January 3, 2002

  • Once upon a time, two people who barely knew each other, and who lived on opposite sides of the planet, decided to fall into something akin to love.

    (Love is need, love is desire, love is growth and pain. Love isn’t about the heart; love is about the whole body, the whole energy, the whole being. Love is a chemical reaction between mutual sets of covalent needs. Sometimes people need lessons they can’t get any other way but through romantic love. We have something to give those poor souls: Compassion.)

    They anguished over their geographic locations, caught in the abject frustration their situation induced. They wanted love-ness so badly that they were willing to become upset when they didn’t get it.

    Then, one day, one of them went to where the other one was.

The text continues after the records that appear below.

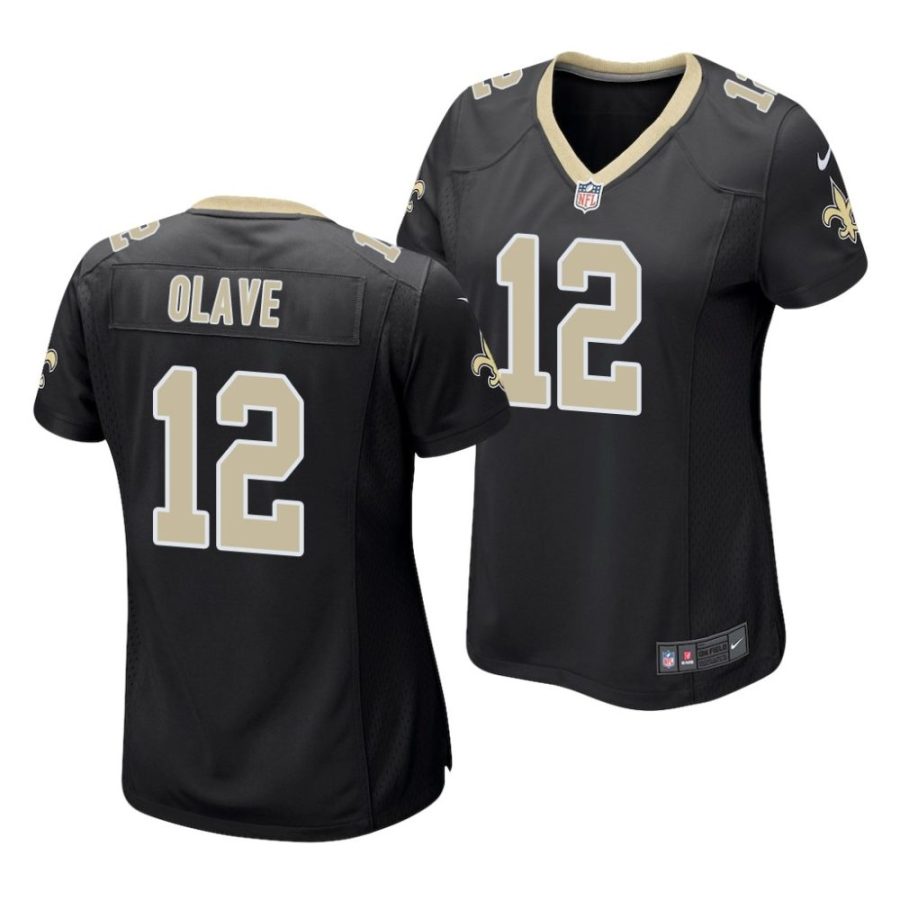 chris olave new orleans saints 2022 nfl draft game women black jersey scaled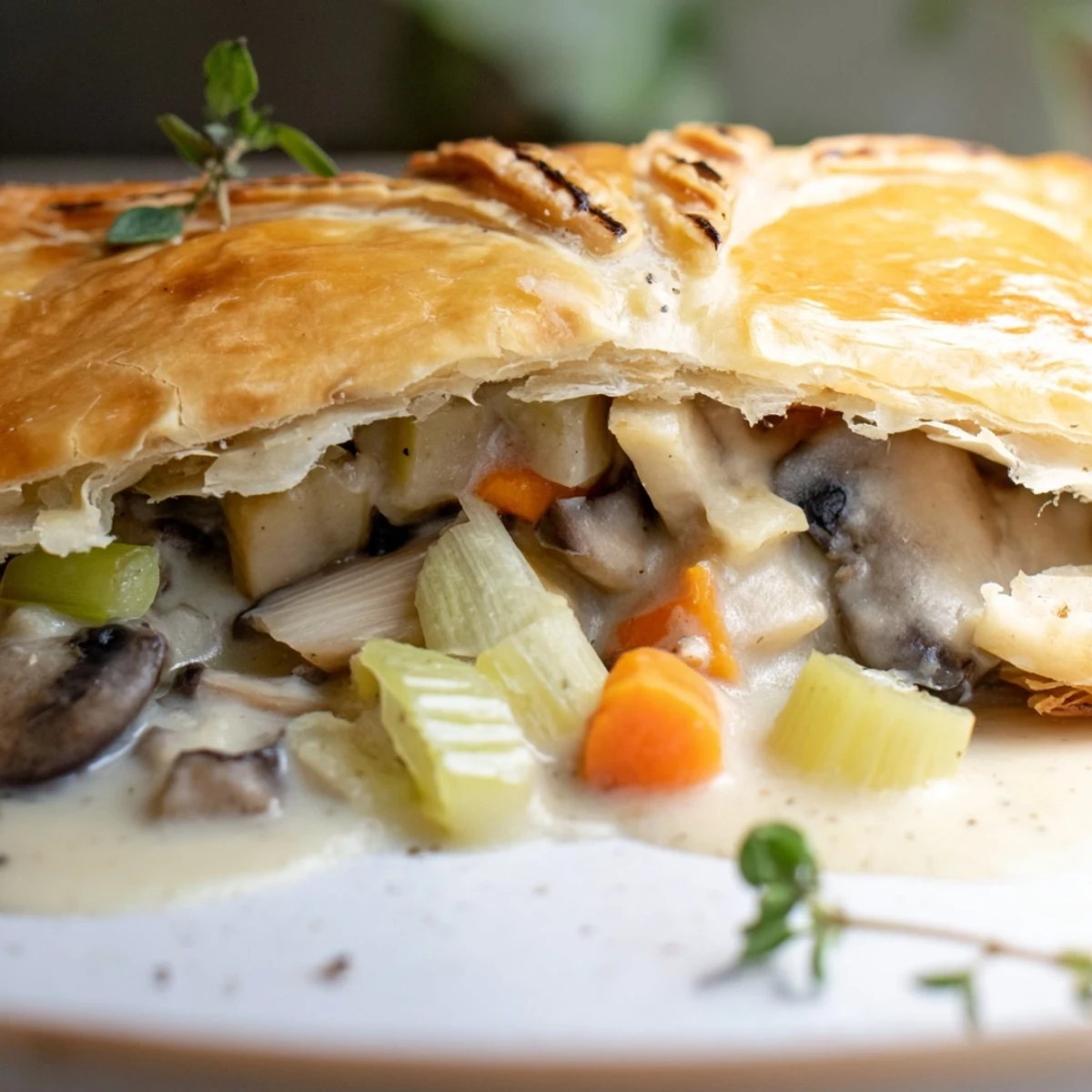 Savory Creamy Mushroom and Leek Pot Pie features tender leeks and mushrooms in a creamy sauce under flaky crust.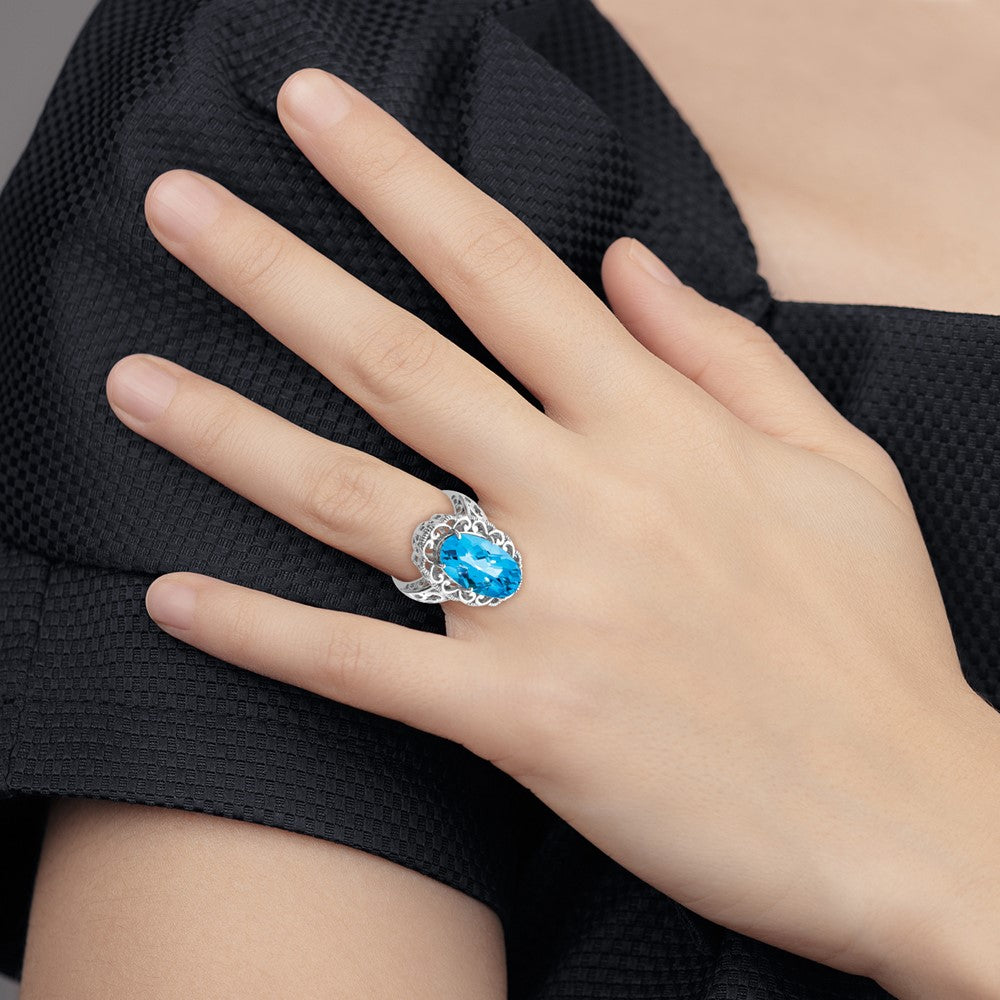 Sterlingsilber Rhodium Oval Blautopas Ring (size 7 Nur)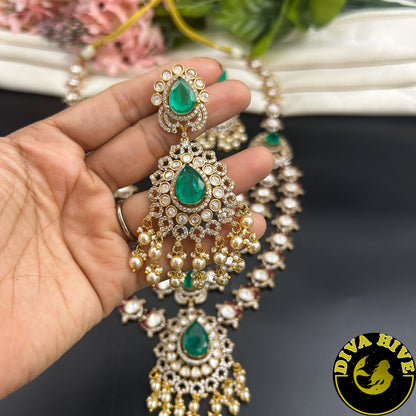 Pashmina Three Layered Moissanite Doublet Necklace Set -  -["24K Gold Plated","Diva Exclusive","featured","Kundan","Necklace"] - Divahive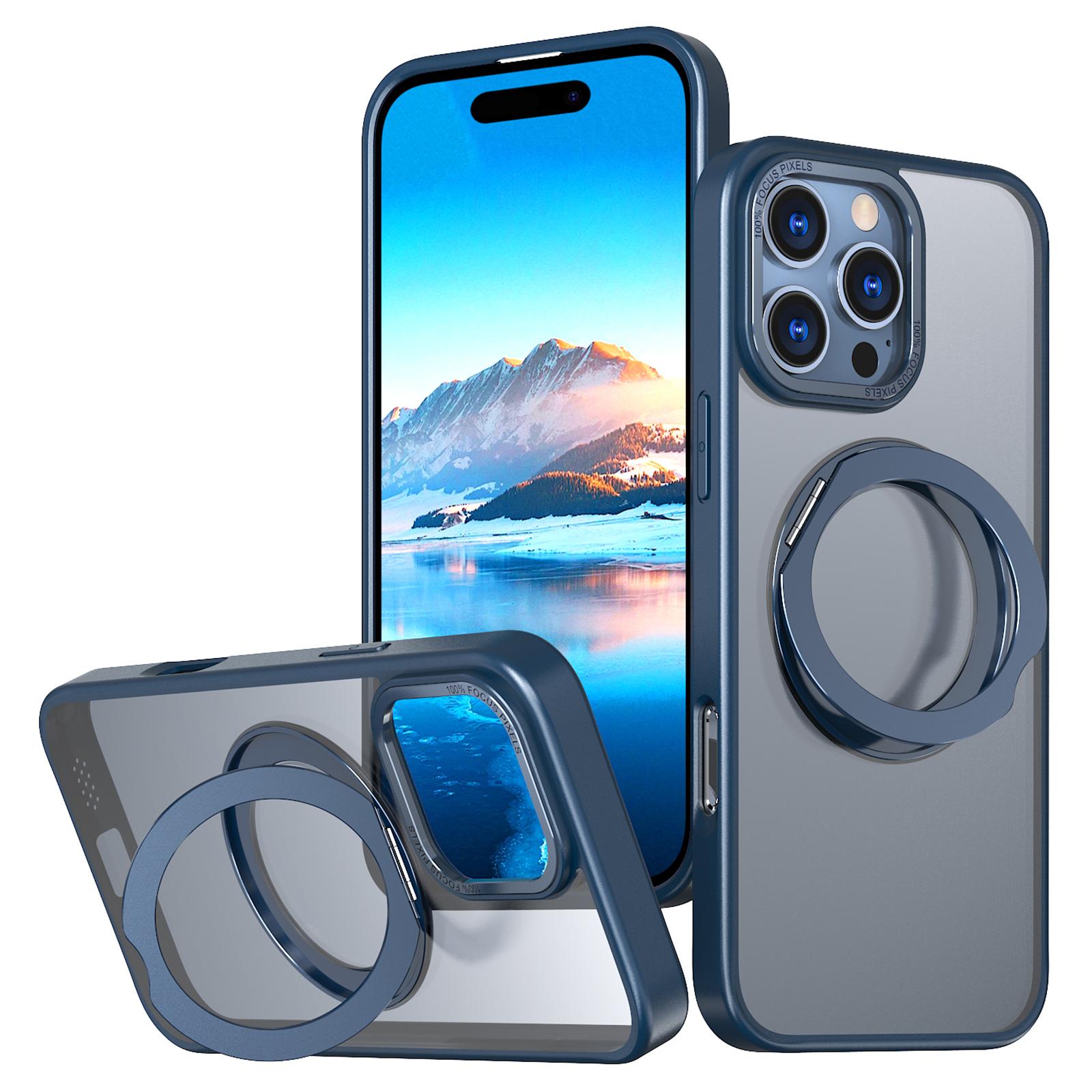 

For iPhone 16 Pro Max Magnetic Case TPU+Acrylic Kickstand Phone Cover Navy Blue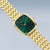 Montre pour femme avec cadran vert et bracelet à maillons dorés, boîtier ovale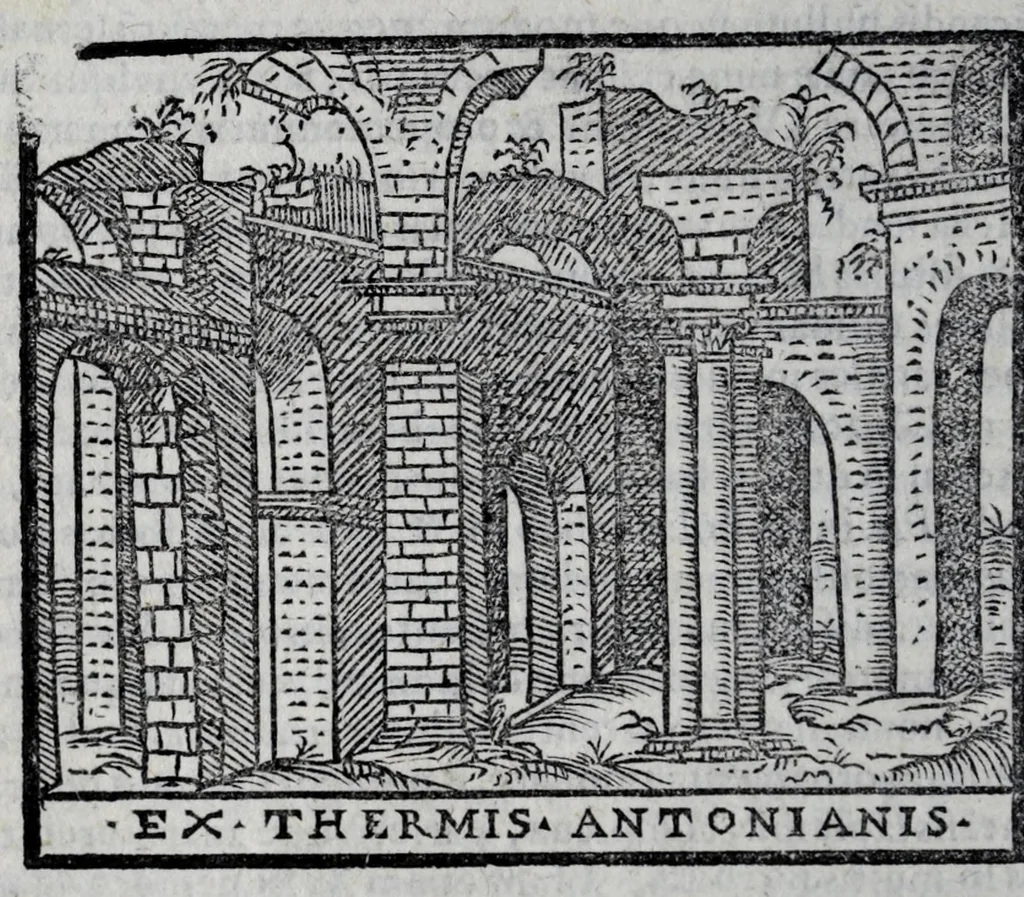 An illustration from Bartholomaei Marliani Vrbis Romae topographia, 1588, leaf 180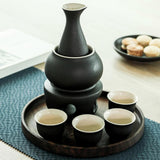 Maxbell Japanese Sake Set with Warmer Chinese Sake Set for Tea Party Home Restaurant black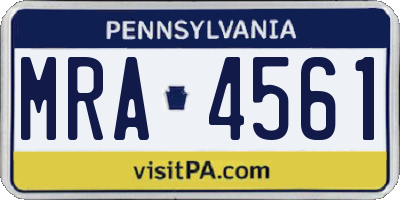 PA license plate MRA4561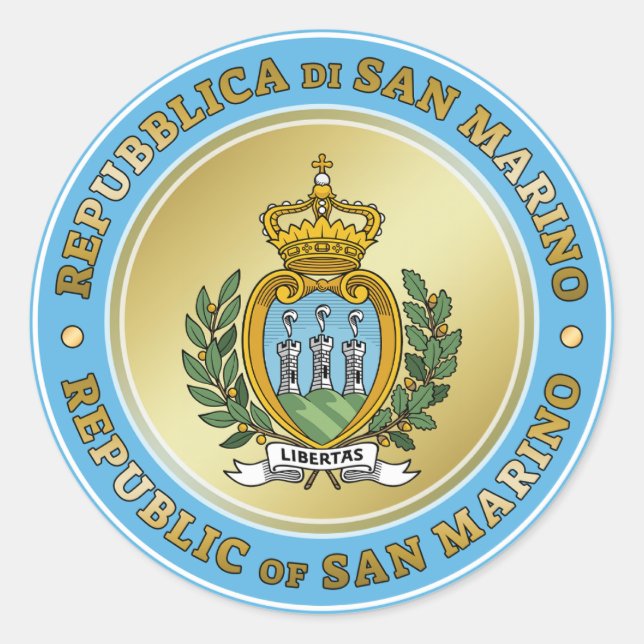 Wappenschild von San Marino Runder Aufkleber (Vorderseite)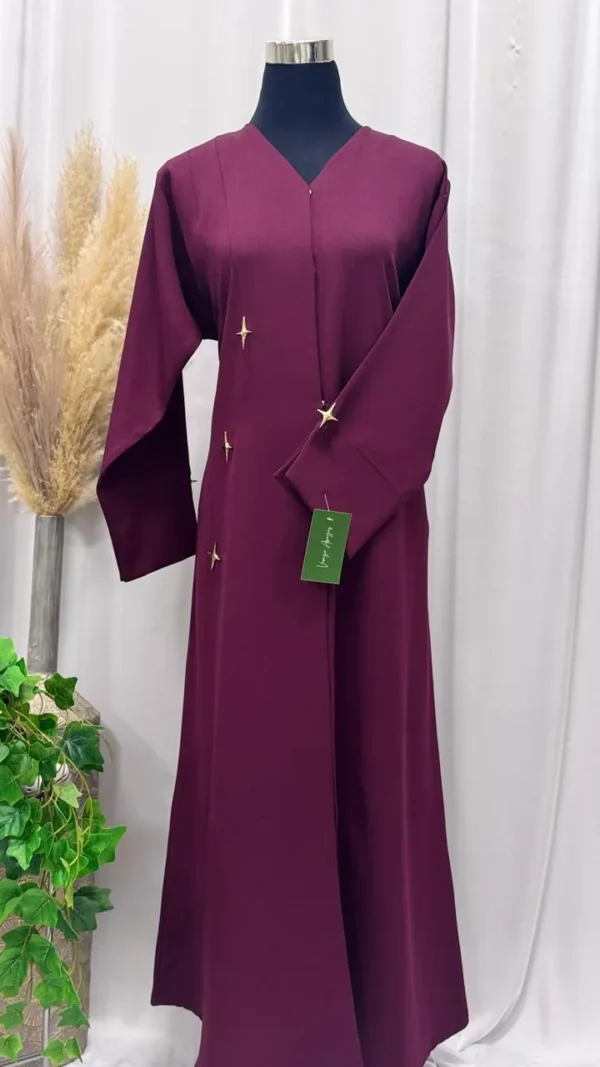 Straight buttoned up Abaya with charm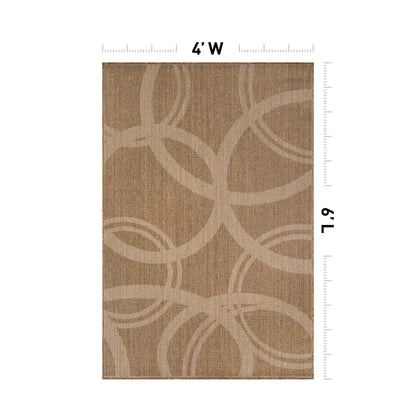 Rugshop Abstract Indoor Outdoor Flat Woven Area Rug,Natural Jute-Style,Easy-Care Patio Rug for Backyard Porch Deck Balcony, 4' x 6' Sand/Natural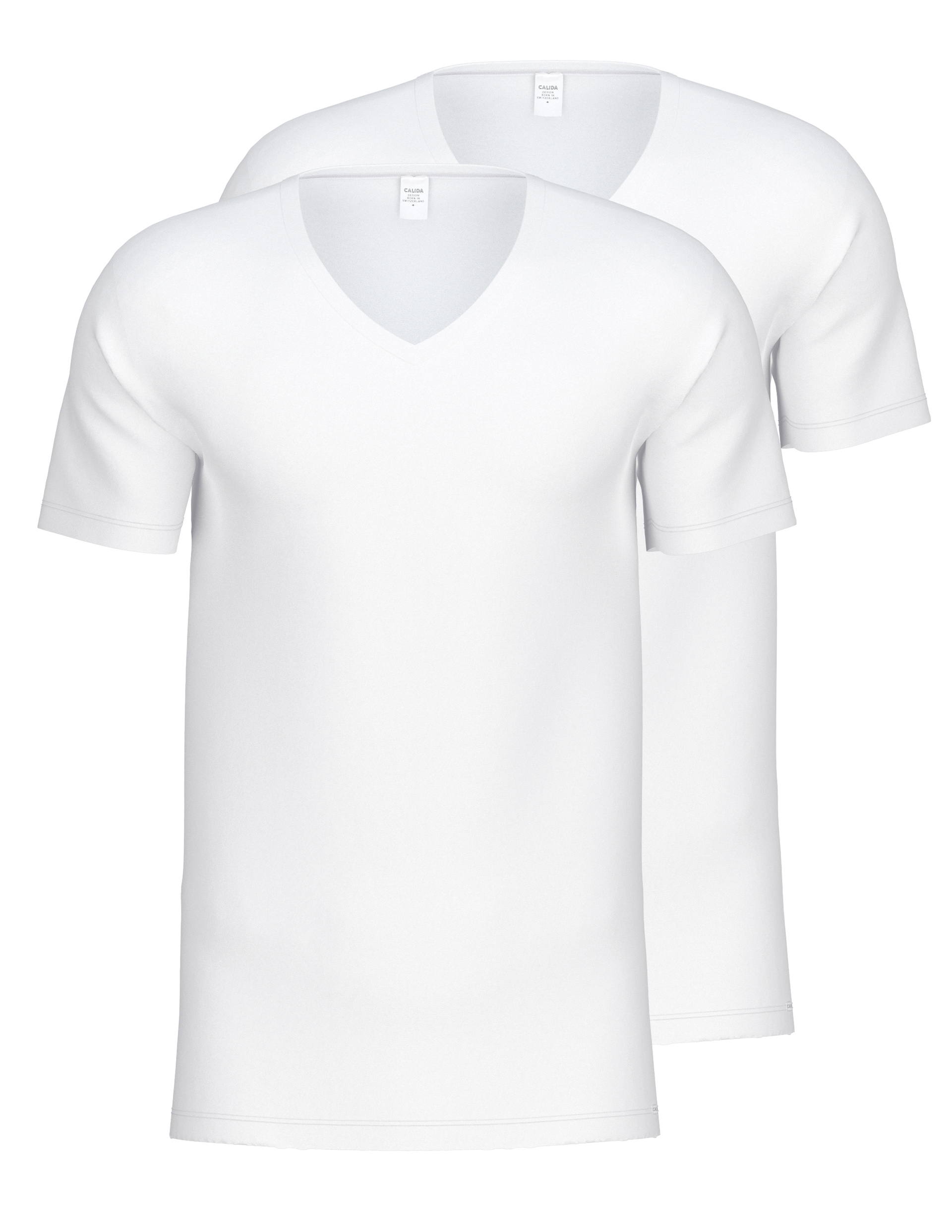 Multipack Herren - V-Shirt, 2-Pack aus Baumwolle in Weiß, Einfarbig aus Serie Natural Benefit von CALIDA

    (Buddha says there is no other, there’s just… something… and it’s separated into pieces, and all these pieces are trying to find each other, motivated by their dukka, or painful ignorance. All the pieces have to do is to decide not to be pieces any more and they’ll be whole again, but the pieces are strange in that they choose to be separate.)

    And when they did this, they discovered that what they’d both been doing all along was this: The gaps, the pieces they couldn’t possibly know about each other… they’d been filling in those gaps with their imaginations. And of course everyone does that all the time anyway, whenever they meet anyone, but the gaps had been so many and the imaginations had been so fertile and desirous that this particular set of delusions was quite a force to be reckoned with.

    (I once knew a woman named Kat, I once knew a woman named Xara, I once knew a woman named Karen, I once knew… I mean, well, I thought I knew a woman named Hilary. I guess I didn’t really know any of the others either.)

    When they met, these two freaked out. You’d freak out, too. Well, they freaked out, and didn’t know what to do, because they were unprepared for real, live, 3D truth. Truth In Three Dimensions.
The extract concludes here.